I had an uncle who was a senior partner in one of the big eight accounting firms (when there was such a thing) who went to school for 3 months every year, and that was just to keep up with the tax code.
Cryptography would be another area that undergoes a tremendous amount of change, and to be top notch, one has to go back to school and learn the new stuff.
I agree that not being able to discuss timely stuff is really sad. The irony has not struck the President fully yet. Since he does not listen to the public, he won’t hear it either.
Re: Re: Re:
I fail to see how this is a bad thing for the country. It’s certainly inconvenient for the poor sucker who sacrifices his career by being a student in one of these classes, but rules are rules. We must follow them even when they make no sense whatsoever.
Re: Re: Re: Re:
I presume you forgot the /sarc mark, AC.
Seriously, the whole “rules is rules” trope is woefully overused. The point of democracy is to be able to change the rules if you don’t like them.
Re: Re: Re:2 Re:
I believe the point here is that karma is a real bitch. Live by the dumbass rules and be made unemployable by the dumbass rules.
Maybe the reason the NSA can’t tell how many documents Snowden took is because none of them are able to talk about him.

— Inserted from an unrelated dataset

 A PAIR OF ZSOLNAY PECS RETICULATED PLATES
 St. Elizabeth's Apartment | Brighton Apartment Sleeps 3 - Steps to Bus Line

“OK, we need to… Uh, look into what that guy we don’t talk about did, and try to figure out how many… things he took when he did the thing we don’t talk about.”
“Which guy we don’t talk about, sir?”
“You know, the guy that did the thing!”
“Sir, we’ve had this conversation every day for the last six months and we’re still not getting anywhere.”
Security clearance == you know less
It used to be that having a security clearance meant you had access to more information.
Now, it seems having a security clearance means you have access to less information than the non-cleared public.